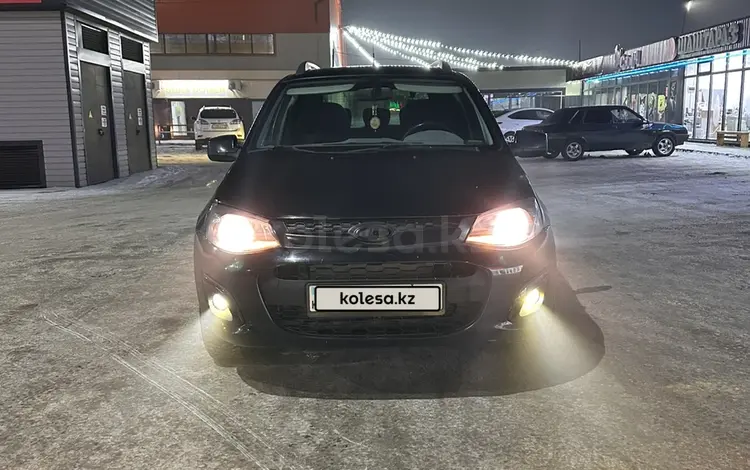 ВАЗ (Lada) Kalina 2194 2013 года за 3 000 000 тг. в Семей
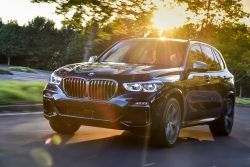 BMW X5小改款傳4月登場！動力資訊流出 14505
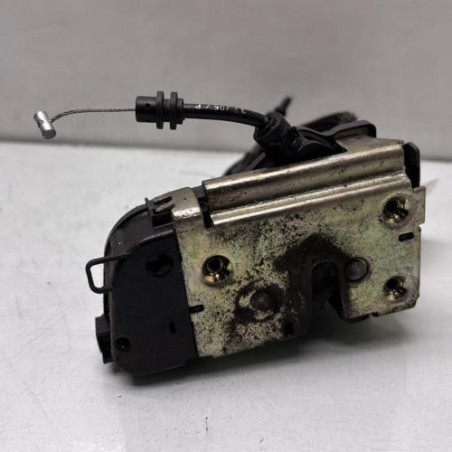 Serrure arriere droit CITROEN C3 1 Photo n°1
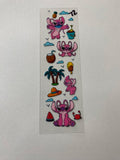 Pen 72- Stitch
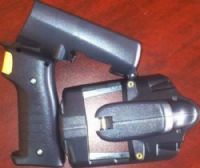 Intermec 714-525-005 Model AH5 Standard Scan Handle Pistol Grip for use with 700 Color, 741 and 751 Mobile Computers (714525005 714525-005 714-525005) 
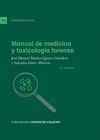MANUAL DE MEDICINA Y TOXICOLOGÍA FORENSE (N.E.)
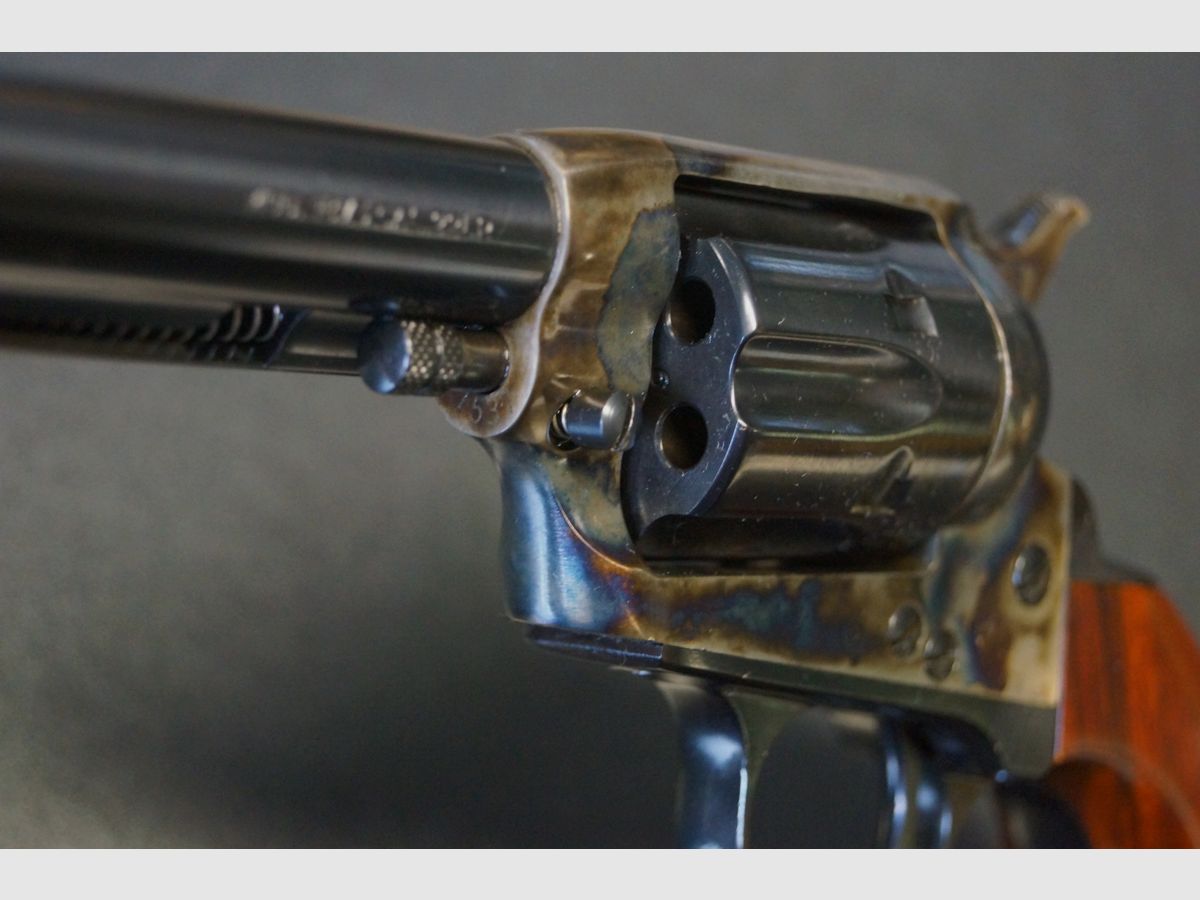 Uberti 1873 Cattleman Stallion, Bild 4 von 5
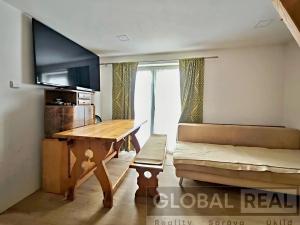 Prodej chaty, Boňkov, 55 m2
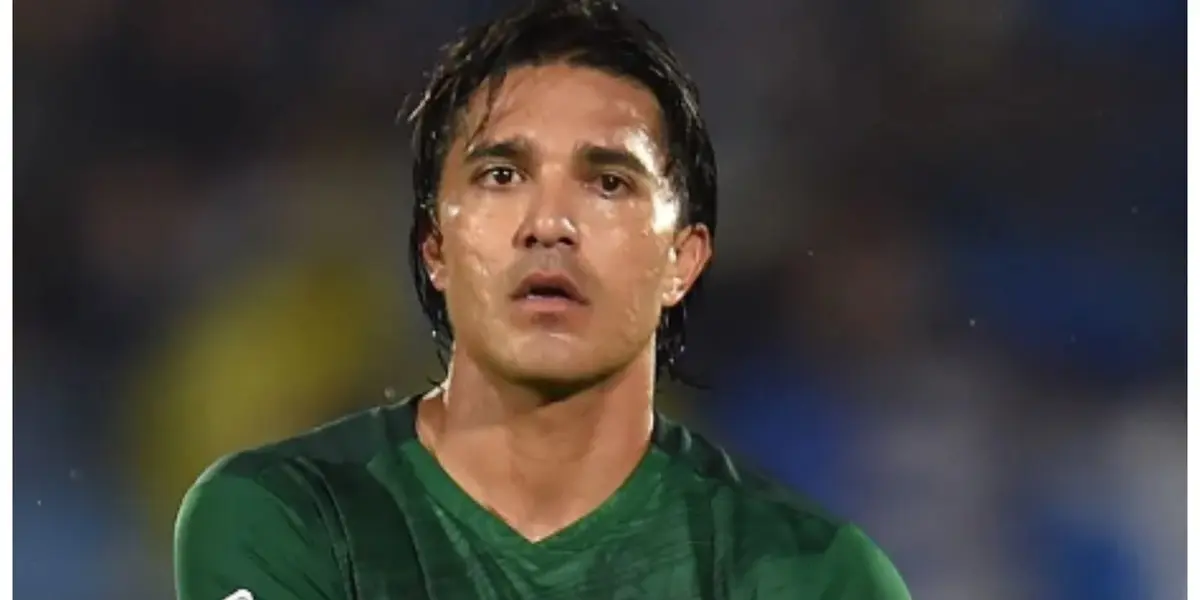 Marcelo Martins. FOTO: RPP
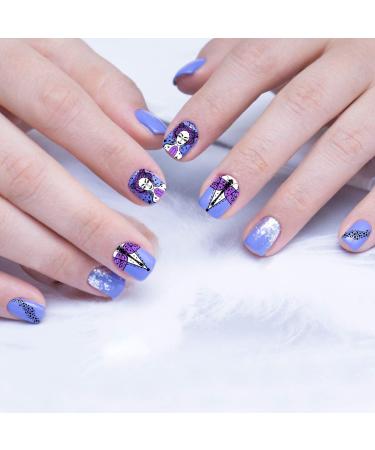BeautyBigBang Nail Stamp Plate - Star & Butterfly Patterns for Stunning Manicure International Shipping Available - Buy Online on GoSupps.com
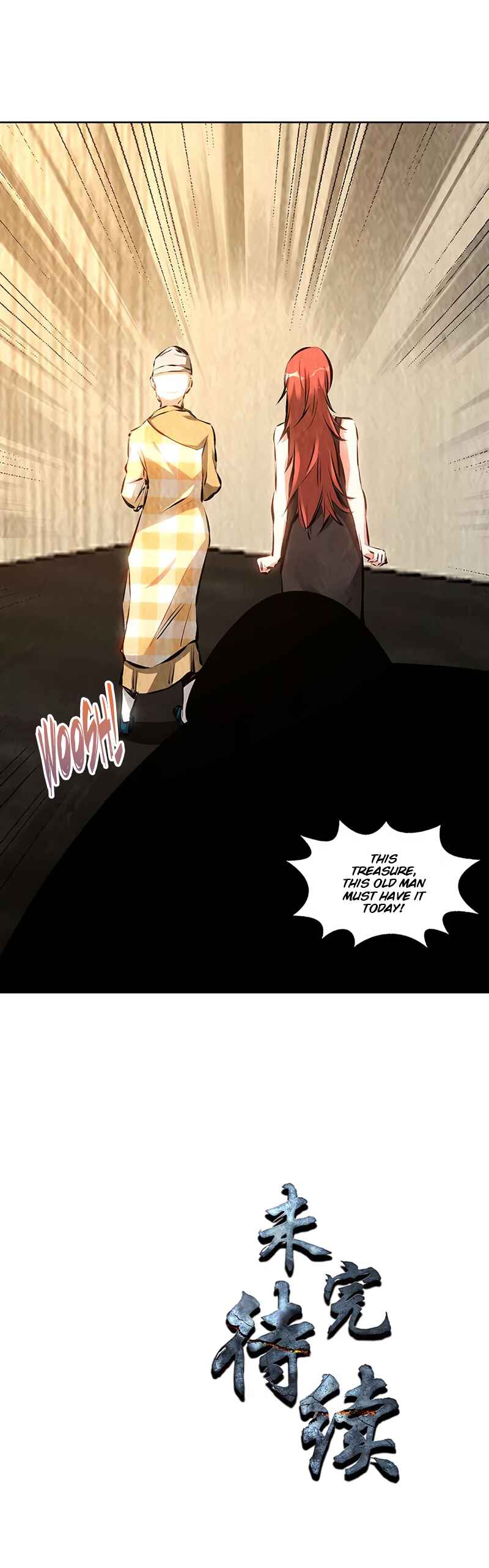 The Loser Takes It All Chapter 192 - Page 13
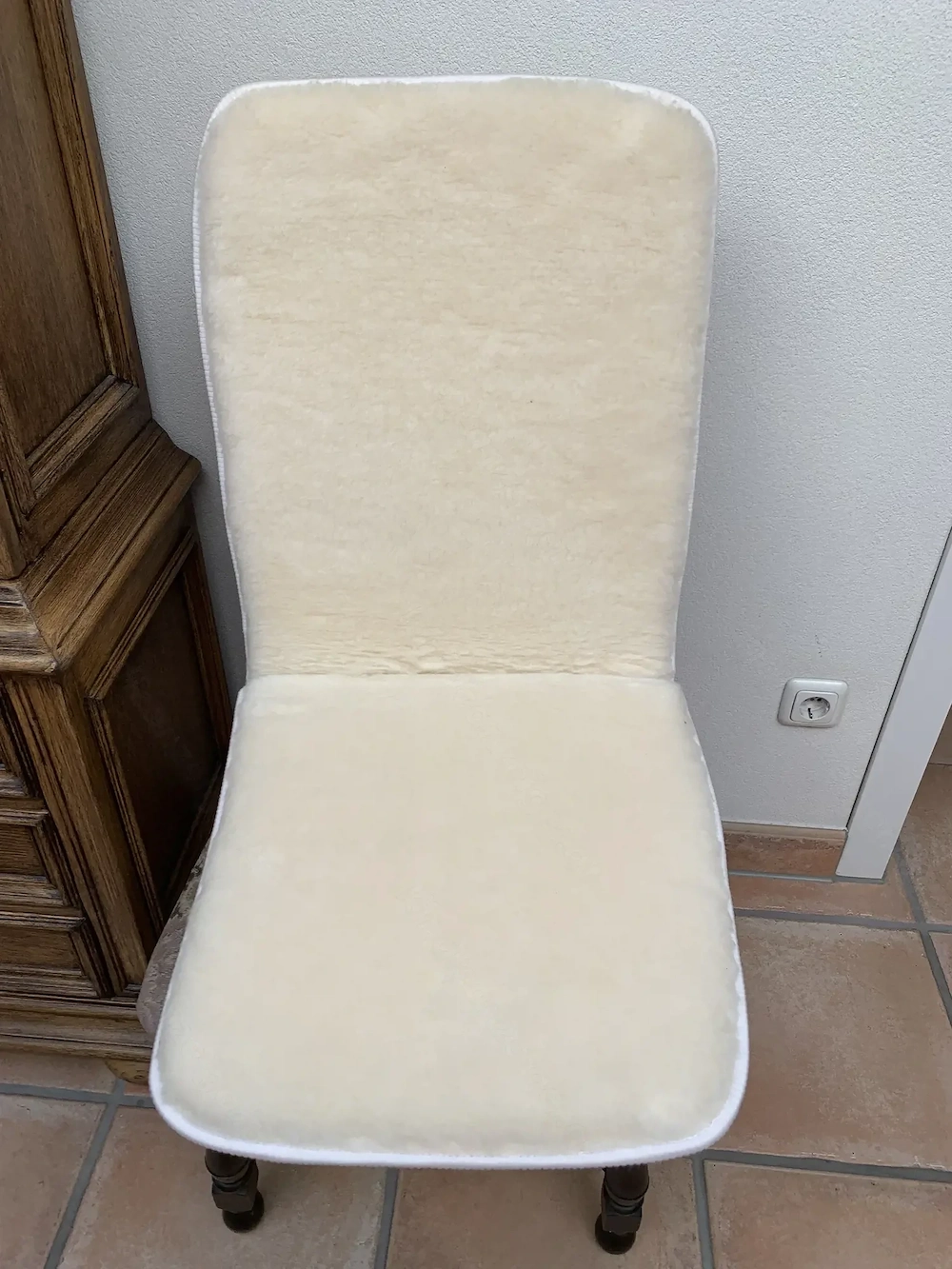 Stuhl Auflage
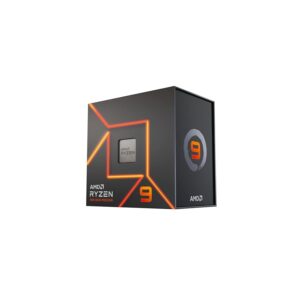 Processore AMD Ryzen 9 7900X (scheda grafica integrata Radeon)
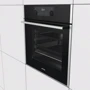 Духовой шкаф электрический Gorenje BO737E30XG: Объем, л 71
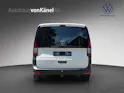 VW Caddy Cargo 1.5 TSI Entry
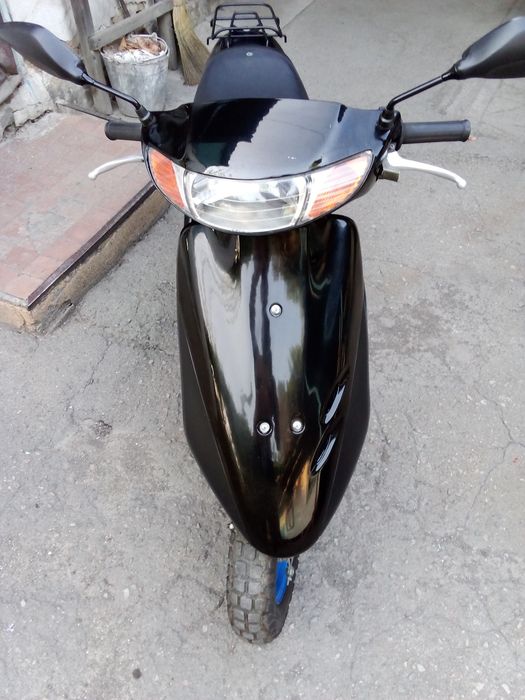 Продам скутер honda dio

Required work: When you retype the material above, copy each line exactly and drop whatever images appear in it.

Solution for this problem:
 ВАЗ (Lada) Kalina 2194 2013 года за 3 000 000 тг. в Семей
 BMW X5小改款傳4月登場！動力資訊流出 14505
 Serrure arriere droit CITROEN C3 1 Photo n°1
 Pen 72- Stitch
 Intermec 714-525-005 Model AH5 Standard Scan Handle Pistol Grip for use with 700 Color, 741 and 751 Mobile Computers (714525005 714525-005 714-525005) 
MANUAL DE MEDICINA Y TOXICOLOGÍA FORENSE (N.E.)
 Uberti 1873 Cattleman Stallion, Bild 4 von 5
 Prodej chaty, Boňkov, 55 m2
 Marcelo Martins. FOTO: RPP
BeautyBigBang Nail Stamp Plate - Star & Butterfly Patterns for Stunning Manicure International Shipping Available - Buy Online on GoSupps.com
 The Loser Takes It All Chapter 192 - Page 13
 Stuhl Auflage
 Processore AMD Ryzen 9 7900X (scheda grafica integrata Radeon)
 Духовой шкаф электрический Gorenje BO737E30XG: Объем, л 71
 VW Caddy Cargo 1.5 TSI Entry
 Продам скутер honda dio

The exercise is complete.